The shady details on the lucrative job offer, which included a signing bonus and stock options for the Pentagon official, were provided by Oracle, one of the other companies involved in bidding for the so-called Joint Enterprise Defence Infrastructure (JEDI) cloud computing project.

In a 31 May court filing, tech firm Oracle alleged that a former defence official involved in research on the JEDI contract before resigning and going to work at Amazon, had secretly negotiated with the tech giant, which was involved in the bidding for the Defence Department contract.

Amazon Web Services "(during JEDI and with full knowledge) made a hidden job offer to [Mr. Deap] Ubhi, to include a massive [redacted] immediate signing bonus payment, a second [redacted] bonus payment after year one, [redacted] shares of Amazon stock (roughly $950-$960 per share in the relevant period), and a [redacted] salary," the court document, made public by the Daily Caller, stated.

According to Oracle's lawyers, Mr.

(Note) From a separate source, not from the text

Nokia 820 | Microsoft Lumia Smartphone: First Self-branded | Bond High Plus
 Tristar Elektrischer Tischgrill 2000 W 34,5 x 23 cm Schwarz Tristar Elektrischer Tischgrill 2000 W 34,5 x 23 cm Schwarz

Ubhi "spent weeks as a DoD official, downloading the JEDI Google drive to his laptop, meeting with [Amazon Web Services] competitors as a DoD official, requesting and participating [in] cloud meetings…and obtaining submissions from JEDI competitors," without recusing himself from involvement in JEDI even after accepting a job offer from Amazon.

Oracle filed a similar case in December, attempting to block the $10 billion Pentagon contract from being awarded until further inquiries into the suspected conflict of interest were made and the conflict resolved. US law prohibits government officials who are offered employment by companies bidding for government contracts from accepting such contracts, or it requires them to reject the employment offer and recuse themselves.

 

Mr. Ubhi remains employed with Amazon Web services. The defence department and Amazon have not commented on the developing story.

Amazon and Microsoft are now the two finalists for the JEDI contract, with IBM and Oracle also making bids.

Earlier this year, Amazon surpassed its closest rivals, Microsoft and Apple, to become the most valuable public company in the world, with a market capitalisation of approximately $797 billion.